Sebum analysis of individuals with and without acne

Apostolos Pappas 1,, Stefanie Johnsen 1, Jue-Chen Liu 1, Magdalena Eisinger 1
PMCID: PMC2835908  PMID: 20436883

Abstract

A pilot study was conducted to compare lipid components of sebum from unaffected and acne-affected individuals. Nine males, 15–20 years old, with no acne, or with moderate to severe acne, were recruited. Facial images were taken with regular, polarized and fluorescent lights for each subject. Skin surface lipids were analyzed following collection of sebum using sebutapes. As expected, the subjects with acne had more (59%) sebum than the control subjects. Free fatty acids were the only lipid group that was reduced in the sebum of acne subjects. The specific lipid that differed the most between the two groups was squalene, which was upregulated in acne subjects by 2.2-fold on a quantitative basis. Squalene also represented a significantly greater proportion of the total sebaceous lipids in acne patients compared to controls (20% vs. 15%). The increase in the amount of squalene could represent a lipid marker for acne prone skin.

Key words: sebum, lipid, acne, fatty acid, squalene could represent a lipid marker for acne prone skin

Introduction

Acne is a skin disease affecting millions of young adults worldwide.1 Although its cause is multifactorial, changes in sebaceous gland functions including increased production of sebum is thought to be involved in the development of the disease.2 The sebaceous gland is considered nowadays to be an important endocrine organ embedded in the skin.3 Due to its close association with the hair follicle it forms the pilosebaceous unit of the skin. Sebum, a product of the sebaceous gland, is a mixture of lipids composed mainly of triglycerides (TG), wax esters (WE), squalene, free fatty acids (FFA) and smaller amounts of cholesterol, cholesterol esters (ChoE) and diglycerides.47 Sebum coats the hair and skin surface following a holocrine secretion into the infundibulum of the hair follicle.
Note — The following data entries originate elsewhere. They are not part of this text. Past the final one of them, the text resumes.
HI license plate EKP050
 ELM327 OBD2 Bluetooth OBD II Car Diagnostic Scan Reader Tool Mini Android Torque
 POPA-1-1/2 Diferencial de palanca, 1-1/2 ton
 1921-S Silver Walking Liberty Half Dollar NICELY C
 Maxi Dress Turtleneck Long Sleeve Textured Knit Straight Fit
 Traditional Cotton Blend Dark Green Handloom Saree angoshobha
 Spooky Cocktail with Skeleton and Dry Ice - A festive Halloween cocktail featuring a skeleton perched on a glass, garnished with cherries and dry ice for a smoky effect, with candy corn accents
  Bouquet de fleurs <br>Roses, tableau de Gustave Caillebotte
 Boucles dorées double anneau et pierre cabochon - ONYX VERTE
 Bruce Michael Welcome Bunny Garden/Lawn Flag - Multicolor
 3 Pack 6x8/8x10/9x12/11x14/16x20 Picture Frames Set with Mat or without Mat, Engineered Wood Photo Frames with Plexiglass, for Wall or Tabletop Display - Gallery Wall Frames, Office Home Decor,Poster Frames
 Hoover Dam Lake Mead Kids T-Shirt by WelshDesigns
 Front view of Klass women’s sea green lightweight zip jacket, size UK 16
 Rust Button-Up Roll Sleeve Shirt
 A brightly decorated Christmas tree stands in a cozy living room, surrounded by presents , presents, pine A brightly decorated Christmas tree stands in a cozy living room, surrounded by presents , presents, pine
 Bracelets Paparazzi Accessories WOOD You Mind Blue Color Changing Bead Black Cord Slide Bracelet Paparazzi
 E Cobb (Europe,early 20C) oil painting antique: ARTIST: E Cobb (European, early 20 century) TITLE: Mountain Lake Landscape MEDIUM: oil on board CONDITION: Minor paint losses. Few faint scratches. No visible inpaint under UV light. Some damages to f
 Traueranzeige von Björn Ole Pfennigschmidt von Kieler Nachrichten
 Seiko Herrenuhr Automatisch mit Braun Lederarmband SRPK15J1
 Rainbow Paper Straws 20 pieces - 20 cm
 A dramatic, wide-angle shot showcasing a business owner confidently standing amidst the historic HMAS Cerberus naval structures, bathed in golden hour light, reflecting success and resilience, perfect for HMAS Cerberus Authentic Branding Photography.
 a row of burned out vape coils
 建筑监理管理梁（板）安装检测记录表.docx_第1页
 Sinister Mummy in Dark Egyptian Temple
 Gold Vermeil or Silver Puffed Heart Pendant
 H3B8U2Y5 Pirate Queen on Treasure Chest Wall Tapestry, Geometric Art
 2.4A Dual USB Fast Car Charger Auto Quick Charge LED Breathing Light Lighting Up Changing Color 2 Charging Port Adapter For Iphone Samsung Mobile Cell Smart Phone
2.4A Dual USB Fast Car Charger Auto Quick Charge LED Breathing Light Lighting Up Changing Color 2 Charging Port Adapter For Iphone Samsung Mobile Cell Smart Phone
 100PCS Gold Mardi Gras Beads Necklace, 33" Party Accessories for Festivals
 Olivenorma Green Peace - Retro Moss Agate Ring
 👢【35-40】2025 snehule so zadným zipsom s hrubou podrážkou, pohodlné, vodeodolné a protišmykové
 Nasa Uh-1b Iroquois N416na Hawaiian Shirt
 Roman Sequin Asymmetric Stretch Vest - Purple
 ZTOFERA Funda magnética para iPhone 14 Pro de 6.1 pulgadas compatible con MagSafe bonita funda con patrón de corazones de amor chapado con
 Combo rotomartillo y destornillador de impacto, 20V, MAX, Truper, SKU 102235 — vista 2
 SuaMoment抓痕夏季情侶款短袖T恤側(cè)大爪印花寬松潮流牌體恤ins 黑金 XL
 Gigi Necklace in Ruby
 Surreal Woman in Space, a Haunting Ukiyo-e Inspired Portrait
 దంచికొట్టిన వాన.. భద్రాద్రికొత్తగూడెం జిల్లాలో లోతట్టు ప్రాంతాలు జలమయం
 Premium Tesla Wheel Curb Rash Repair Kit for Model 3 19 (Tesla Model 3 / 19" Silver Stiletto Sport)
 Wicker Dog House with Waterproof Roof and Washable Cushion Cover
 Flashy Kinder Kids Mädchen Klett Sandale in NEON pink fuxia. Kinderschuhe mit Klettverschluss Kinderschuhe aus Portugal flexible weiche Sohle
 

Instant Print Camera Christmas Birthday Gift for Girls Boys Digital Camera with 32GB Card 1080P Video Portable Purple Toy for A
Elevated sebum excretion is involved in the pathophysiology of acne,2,8,9 as body parts rich in sebaceous glands are the areas where acne lesions are manifested. While sebum is associated with acne in adolescence, it may also be of a benefit in lubricating the skin and contributing to a better skin barrier. Since acne is unique to humans it suggests that the unique sebaceous lipids might be associated with this human specific disease. The accumulation of squalene and the presence of unique fatty acids and lipids are unique manifestations of sebum.10,11 Our study aimed to identify possible lipid components within sebum, that could correlate with acne-prone skin their possible association with the molecular and cellular events involved in the generation of the acne lesion.

Several studies focused on dissecting the relationship between sebum output and the pathophysiology of acne. One of the very first studies focused on the measurements of the sebum secretion rate after an extensive depletion of previously secreted sebum with a bentonite clay and the subsequent use of specially designed disks. This study indicated that a high sebum secretion rate is the decisive factor in inflammatory acne.12 Moreover a recent study showed a correlation between higher sebum output and acne development.13

Most of the published studies assessed the total sebum output by instrumental analysis (sebumeter) or self-evaluation or by a sebum absorbent tape (Sebutape™). Sebutape™ is a specially designed tape that was proven to be reproducible and convenient to estimate sebaceous gland output.14 In addition Sebutape™ could also be used for collecting sebum for further quantitation of its components.14 Only few studies undertook the task to dissect the individual sebaceous lipids in search for specific lipids that could associate with the prevalence of acne. This is undoubtedly due to the cumbersome and laborious task that the individual extraction, separation and quantitation of lipids consists of. So far two studies have been reported and of course with a much smaller group size (n = 5 or 6).15,16 The only association found was lower levels of linoleic acid in acne patients and its displacement from sebaceous fatty acids in acylceramides of surface epidermal lipids.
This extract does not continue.